The following data has a line with "Rotary Lift" and a line with "Il richiamo delle". Write out exactly those lines and all the lines between them.

====== Data extracts

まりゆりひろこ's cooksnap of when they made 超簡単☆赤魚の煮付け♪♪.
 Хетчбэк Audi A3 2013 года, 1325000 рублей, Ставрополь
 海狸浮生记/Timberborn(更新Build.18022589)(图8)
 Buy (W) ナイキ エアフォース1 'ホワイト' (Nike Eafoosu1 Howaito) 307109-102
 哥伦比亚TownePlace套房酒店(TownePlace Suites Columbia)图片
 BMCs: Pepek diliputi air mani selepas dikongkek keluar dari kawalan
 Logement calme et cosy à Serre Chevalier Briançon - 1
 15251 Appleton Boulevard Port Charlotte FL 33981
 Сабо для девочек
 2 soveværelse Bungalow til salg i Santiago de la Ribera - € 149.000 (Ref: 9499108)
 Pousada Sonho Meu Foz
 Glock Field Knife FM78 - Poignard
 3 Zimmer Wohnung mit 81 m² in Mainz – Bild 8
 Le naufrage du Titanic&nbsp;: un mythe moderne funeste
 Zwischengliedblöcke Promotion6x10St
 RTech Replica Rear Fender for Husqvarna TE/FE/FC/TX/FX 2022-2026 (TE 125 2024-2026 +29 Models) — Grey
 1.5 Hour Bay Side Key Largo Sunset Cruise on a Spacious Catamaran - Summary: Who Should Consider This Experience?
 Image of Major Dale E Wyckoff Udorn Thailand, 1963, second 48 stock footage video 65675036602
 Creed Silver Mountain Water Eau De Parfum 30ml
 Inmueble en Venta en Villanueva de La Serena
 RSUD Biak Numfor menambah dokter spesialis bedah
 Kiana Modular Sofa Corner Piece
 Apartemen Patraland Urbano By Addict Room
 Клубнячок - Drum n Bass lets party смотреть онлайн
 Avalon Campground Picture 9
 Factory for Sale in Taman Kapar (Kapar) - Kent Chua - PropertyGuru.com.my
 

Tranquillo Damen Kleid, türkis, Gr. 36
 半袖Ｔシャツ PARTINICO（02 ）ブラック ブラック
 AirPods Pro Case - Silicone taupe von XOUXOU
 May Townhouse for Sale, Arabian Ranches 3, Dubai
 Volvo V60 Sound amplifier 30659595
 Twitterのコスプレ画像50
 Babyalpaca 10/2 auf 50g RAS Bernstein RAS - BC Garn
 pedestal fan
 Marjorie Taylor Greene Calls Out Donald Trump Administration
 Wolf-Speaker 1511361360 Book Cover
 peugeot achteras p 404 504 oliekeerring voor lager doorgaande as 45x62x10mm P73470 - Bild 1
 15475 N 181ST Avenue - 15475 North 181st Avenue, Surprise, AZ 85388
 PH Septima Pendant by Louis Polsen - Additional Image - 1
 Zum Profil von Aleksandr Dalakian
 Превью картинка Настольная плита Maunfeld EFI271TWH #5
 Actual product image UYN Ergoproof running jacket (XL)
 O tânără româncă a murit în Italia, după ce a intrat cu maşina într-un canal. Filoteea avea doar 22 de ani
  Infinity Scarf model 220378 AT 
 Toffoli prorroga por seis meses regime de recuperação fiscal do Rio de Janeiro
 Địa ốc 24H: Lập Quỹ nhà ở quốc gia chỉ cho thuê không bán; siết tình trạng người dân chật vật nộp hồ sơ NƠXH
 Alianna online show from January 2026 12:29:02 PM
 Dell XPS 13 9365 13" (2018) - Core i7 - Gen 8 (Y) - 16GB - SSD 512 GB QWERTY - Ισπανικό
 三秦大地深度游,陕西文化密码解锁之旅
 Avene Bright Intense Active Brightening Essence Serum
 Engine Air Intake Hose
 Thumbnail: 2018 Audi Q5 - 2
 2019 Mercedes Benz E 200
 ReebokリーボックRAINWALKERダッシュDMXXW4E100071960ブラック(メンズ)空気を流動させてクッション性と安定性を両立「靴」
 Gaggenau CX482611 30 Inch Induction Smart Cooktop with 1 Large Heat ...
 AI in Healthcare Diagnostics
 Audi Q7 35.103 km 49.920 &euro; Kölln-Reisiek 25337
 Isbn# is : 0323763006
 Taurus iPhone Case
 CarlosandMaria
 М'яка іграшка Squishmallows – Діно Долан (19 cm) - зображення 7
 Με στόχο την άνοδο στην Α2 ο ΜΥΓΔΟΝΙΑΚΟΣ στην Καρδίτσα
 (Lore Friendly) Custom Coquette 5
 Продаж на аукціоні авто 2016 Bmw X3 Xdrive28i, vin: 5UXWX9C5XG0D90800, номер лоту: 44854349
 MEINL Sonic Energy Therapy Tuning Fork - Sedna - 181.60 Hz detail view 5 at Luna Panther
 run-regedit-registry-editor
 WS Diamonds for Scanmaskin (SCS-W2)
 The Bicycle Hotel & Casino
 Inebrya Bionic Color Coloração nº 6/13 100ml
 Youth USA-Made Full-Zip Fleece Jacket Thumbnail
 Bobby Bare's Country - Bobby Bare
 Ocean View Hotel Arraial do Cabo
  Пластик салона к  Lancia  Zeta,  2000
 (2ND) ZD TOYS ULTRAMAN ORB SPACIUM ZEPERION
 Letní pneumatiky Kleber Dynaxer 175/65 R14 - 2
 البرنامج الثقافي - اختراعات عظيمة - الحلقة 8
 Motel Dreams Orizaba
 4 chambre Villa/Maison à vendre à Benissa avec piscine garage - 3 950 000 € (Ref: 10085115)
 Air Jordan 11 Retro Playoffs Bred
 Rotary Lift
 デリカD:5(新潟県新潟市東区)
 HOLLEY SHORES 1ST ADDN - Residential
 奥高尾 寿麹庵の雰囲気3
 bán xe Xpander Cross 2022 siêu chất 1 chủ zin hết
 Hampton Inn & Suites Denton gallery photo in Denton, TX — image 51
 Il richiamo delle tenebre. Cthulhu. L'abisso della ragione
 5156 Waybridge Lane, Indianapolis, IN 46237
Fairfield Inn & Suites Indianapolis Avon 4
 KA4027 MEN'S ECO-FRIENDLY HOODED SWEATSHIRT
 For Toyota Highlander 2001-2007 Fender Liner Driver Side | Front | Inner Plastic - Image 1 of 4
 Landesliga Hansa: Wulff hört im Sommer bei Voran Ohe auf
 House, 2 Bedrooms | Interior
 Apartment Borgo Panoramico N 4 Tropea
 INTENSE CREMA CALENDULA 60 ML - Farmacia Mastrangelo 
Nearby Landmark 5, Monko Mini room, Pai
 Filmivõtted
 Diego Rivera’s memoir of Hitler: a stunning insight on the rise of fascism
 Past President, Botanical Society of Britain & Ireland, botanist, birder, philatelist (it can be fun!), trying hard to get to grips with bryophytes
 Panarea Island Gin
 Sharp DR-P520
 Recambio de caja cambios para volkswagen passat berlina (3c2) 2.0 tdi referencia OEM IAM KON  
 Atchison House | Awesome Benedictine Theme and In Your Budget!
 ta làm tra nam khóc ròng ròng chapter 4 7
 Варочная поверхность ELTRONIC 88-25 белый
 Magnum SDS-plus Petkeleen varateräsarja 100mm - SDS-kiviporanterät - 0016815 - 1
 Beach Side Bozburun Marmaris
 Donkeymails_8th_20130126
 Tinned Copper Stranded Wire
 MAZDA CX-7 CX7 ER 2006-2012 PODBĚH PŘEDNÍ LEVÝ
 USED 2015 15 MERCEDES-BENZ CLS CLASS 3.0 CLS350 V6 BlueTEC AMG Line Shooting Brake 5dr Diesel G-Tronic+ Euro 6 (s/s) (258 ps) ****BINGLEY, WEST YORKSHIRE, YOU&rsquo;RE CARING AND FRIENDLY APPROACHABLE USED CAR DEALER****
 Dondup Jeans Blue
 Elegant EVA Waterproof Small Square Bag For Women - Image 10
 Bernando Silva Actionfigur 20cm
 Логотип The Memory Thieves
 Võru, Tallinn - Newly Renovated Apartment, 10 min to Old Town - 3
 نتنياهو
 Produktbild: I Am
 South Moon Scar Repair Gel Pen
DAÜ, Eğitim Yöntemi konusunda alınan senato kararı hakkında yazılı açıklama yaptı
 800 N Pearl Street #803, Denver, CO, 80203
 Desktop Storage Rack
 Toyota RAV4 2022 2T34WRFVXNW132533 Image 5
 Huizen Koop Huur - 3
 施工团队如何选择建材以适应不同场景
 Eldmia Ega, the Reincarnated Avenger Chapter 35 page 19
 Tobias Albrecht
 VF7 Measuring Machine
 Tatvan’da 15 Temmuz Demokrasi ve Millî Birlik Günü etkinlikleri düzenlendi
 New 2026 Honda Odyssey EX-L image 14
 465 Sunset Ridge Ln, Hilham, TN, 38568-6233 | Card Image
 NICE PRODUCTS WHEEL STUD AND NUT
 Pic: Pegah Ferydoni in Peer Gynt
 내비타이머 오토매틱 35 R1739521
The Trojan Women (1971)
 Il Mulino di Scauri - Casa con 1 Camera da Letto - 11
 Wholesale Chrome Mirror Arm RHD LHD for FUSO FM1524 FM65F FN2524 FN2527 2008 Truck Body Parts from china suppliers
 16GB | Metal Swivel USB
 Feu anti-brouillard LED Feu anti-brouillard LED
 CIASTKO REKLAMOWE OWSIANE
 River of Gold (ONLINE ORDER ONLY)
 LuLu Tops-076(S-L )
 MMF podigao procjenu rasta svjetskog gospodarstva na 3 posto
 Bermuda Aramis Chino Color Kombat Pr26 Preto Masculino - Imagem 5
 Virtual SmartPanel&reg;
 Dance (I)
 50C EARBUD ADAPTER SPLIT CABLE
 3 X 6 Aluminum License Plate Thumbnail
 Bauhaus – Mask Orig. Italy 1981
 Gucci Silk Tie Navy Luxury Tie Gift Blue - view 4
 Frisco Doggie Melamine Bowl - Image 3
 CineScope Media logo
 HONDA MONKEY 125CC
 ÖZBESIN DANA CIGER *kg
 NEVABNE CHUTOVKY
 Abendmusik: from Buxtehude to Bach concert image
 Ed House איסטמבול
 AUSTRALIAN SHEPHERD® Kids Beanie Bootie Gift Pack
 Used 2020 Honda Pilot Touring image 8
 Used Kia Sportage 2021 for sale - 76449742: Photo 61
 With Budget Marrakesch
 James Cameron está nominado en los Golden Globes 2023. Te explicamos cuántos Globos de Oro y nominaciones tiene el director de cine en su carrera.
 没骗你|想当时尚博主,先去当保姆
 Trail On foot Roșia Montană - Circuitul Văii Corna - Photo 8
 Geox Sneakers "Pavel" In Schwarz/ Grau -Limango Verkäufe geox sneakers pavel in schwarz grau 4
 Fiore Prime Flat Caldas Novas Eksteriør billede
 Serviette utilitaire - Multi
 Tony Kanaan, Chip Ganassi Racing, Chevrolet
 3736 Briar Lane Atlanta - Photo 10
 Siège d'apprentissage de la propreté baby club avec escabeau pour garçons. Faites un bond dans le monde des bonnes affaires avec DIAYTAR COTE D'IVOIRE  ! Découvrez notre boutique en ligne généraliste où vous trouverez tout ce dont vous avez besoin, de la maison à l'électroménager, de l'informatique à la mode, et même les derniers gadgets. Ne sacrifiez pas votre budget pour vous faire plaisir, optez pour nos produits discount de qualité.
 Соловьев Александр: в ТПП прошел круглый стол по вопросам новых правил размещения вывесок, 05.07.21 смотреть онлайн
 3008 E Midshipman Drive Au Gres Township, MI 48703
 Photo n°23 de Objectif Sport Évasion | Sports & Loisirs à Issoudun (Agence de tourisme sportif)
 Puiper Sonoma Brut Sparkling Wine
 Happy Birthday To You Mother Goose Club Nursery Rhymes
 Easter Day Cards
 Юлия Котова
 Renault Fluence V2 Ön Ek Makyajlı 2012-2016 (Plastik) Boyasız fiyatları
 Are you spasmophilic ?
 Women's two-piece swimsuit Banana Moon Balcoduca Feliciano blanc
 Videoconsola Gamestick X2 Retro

============

● **Exercise answer**
 Rotary Lift
 デリカD:5(新潟県新潟市東区)
 HOLLEY SHORES 1ST ADDN - Residential
 奥高尾 寿麹庵の雰囲気3
 bán xe Xpander Cross 2022 siêu chất 1 chủ zin hết
 Hampton Inn & Suites Denton gallery photo in Denton, TX — image 51
 Il richiamo delle tenebre. Cthulhu. L'abisso della ragione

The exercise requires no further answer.